*WHAT THE TASK ASKS:*
Below are entries. Give back exactly the lines from the one containing "Jumlah Kasus Kekerasan TKI di Indonesia" through the one containing "尚德教育虚假宣传怎么投诉,怎么投诉尚德虚假宣传", inclusive, without the pictures.

*RECORDS PROVIDED:*
/---
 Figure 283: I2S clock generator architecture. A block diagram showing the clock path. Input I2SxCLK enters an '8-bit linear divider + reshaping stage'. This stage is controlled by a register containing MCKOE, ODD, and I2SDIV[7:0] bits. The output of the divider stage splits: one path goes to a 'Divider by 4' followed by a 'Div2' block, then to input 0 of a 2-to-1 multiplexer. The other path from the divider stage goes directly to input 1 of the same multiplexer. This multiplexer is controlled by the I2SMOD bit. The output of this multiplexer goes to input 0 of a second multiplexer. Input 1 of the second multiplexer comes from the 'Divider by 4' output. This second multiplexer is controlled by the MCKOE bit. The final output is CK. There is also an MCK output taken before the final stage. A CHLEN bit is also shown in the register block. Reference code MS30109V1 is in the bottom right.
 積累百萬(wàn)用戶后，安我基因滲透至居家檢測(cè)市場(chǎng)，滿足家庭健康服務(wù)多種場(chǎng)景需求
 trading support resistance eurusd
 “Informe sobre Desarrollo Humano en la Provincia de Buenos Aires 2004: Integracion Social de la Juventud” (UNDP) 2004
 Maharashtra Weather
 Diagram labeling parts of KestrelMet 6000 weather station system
\---
/---
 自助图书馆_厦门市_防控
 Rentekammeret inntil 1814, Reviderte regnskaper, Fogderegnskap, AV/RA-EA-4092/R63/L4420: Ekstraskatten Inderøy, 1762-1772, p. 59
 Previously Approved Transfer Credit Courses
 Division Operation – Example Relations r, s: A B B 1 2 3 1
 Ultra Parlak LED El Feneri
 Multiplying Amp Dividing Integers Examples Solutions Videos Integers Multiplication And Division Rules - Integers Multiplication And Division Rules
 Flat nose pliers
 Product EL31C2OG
\---
/---
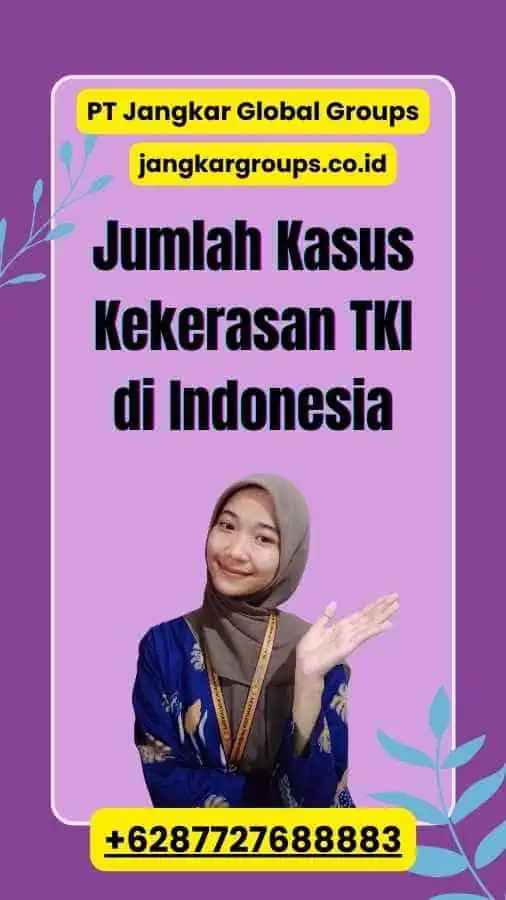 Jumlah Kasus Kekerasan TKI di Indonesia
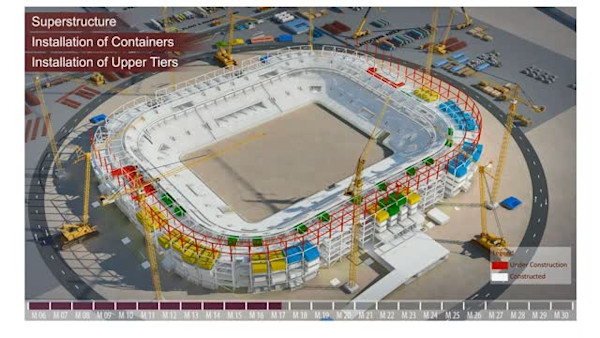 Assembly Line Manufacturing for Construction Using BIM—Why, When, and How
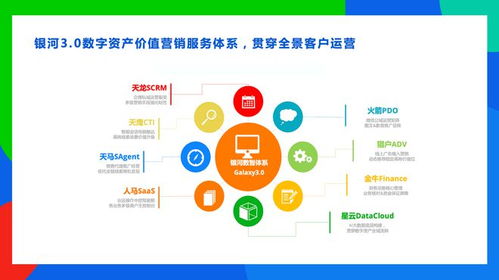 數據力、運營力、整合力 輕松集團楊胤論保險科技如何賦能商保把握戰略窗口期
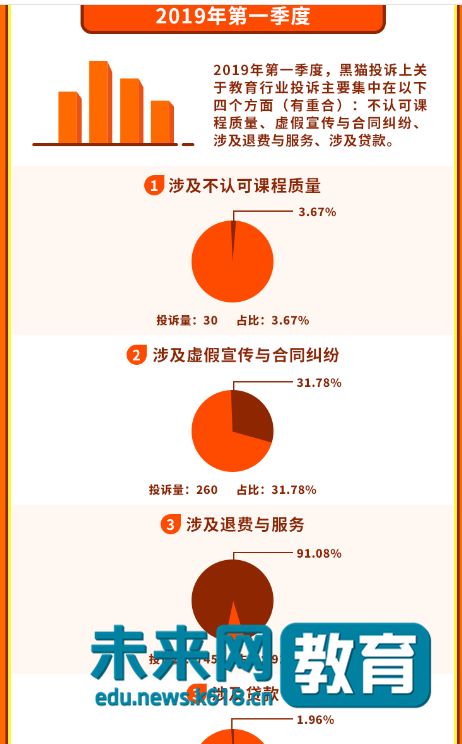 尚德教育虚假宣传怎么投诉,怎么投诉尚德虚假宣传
\---
*RESPONSE FOR THIS EXERCISE:*
 Jumlah Kasus Kekerasan TKI di Indonesia
 Assembly Line Manufacturing for Construction Using BIM—Why, When, and How
 數據力、運營力、整合力 輕松集團楊胤論保險科技如何賦能商保把握戰略窗口期
 尚德教育虚假宣传怎么投诉,怎么投诉尚德虚假宣传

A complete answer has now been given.